Aerial view of the Navy Hill Campus (see caption)

CREDIT: OFFICE OF NIH HISTORY AND STETTEN MUSEUM

NIH buildings on the Navy Hill campus as viewed from the Goodyear blimp Enterprise (1936). Buildings (lower half of photograph, from left): North Building; Central Building (old South Building); East Building (formerly the Administration Building); South Building. Behind the East Building (from left): The Old Naval Observatory, the Navy Hospital, and wards and housing.

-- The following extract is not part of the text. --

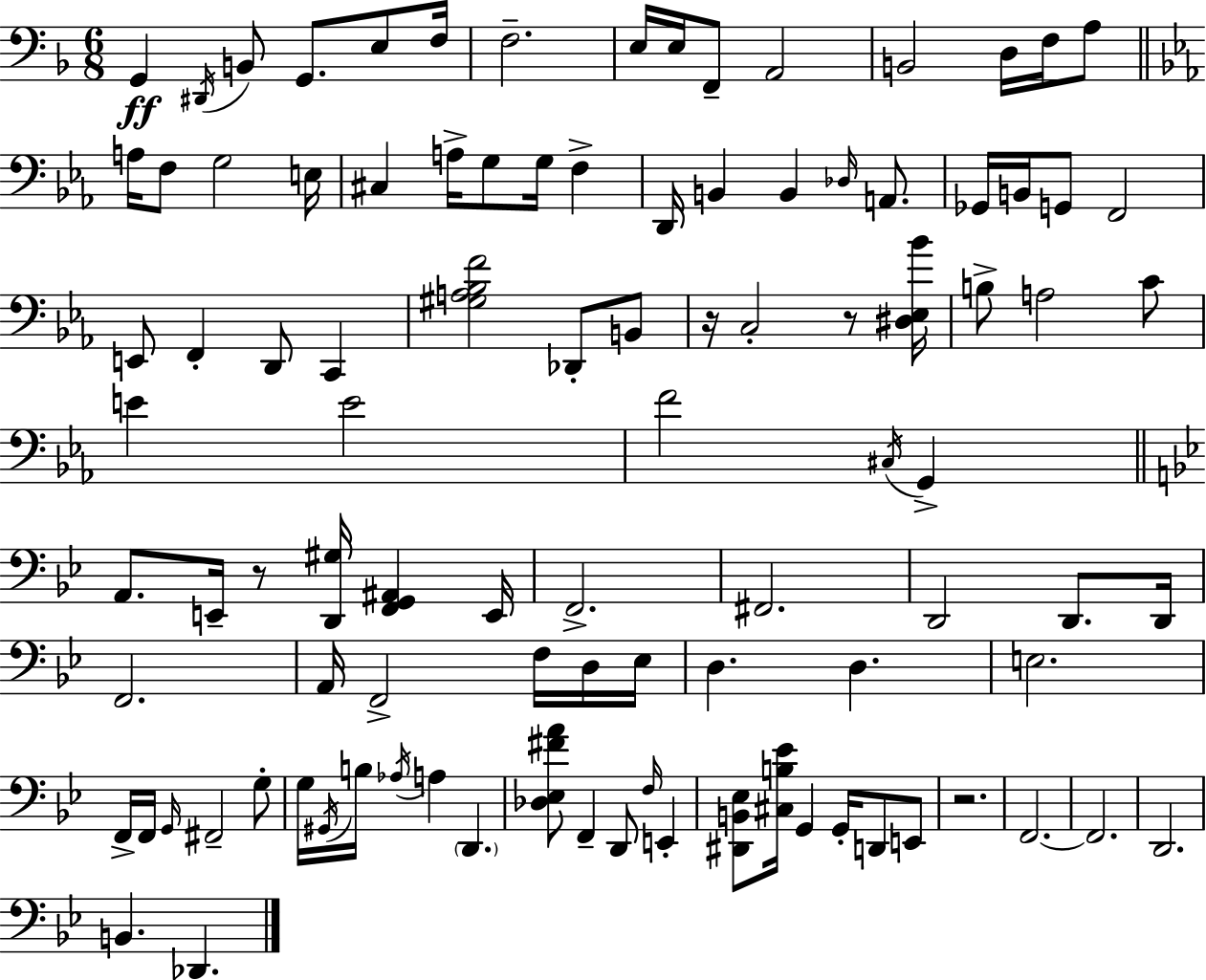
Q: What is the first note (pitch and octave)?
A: G2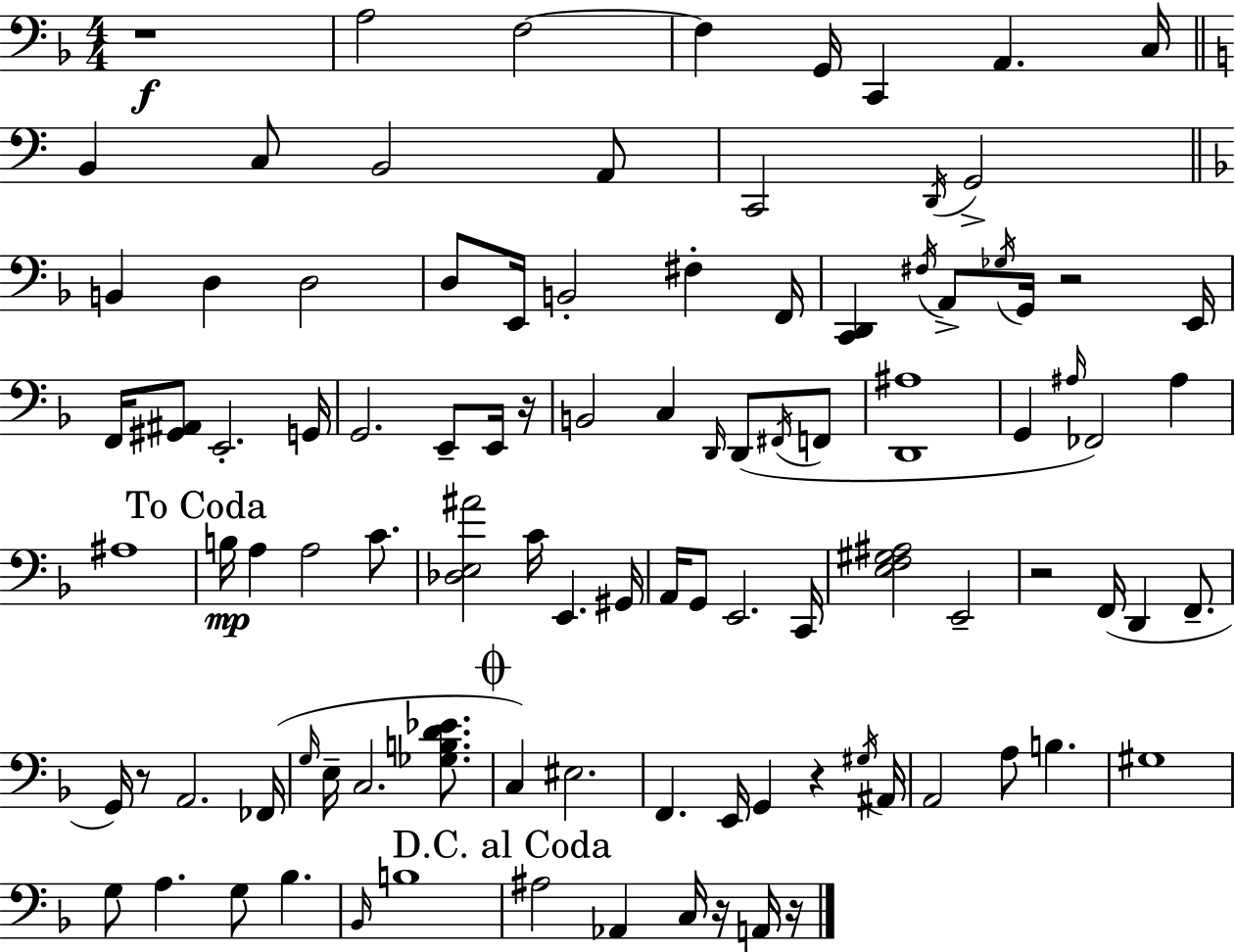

United States Naval Observatory

Before Microscopes, There Were Telescopes

Old Naval Observatory

PHOTO BY BILL BRANSON, NIH

The United States Naval Observatory on Navy Hill (1844­–1893), now unoccupied, made significant contributions to astronomy in the 1800s.

Lying between 23rd and 25th Streets, and E Street and the Potomac River, the site originally called Potomac Hill was a bastion of 19th century science. In 1844, the building now known as the Old Naval Observatory was completed. The American Prime Meridian was set here in 1850 and used as the reference point for establishing the boundaries of many western states. In 1877, the moons of Mars were discovered by a Naval assistant astronomer—one of the major astronomical discoveries of the 19th century. Naval researchers contributed to the Transit of Venus expeditions in 1874 and 1882, and they also attempted to measure the speed of light. By 1893 the observatory needed additional space and moved to its current location at 3450 Massachusetts Avenue, NW, in Washington, D.C.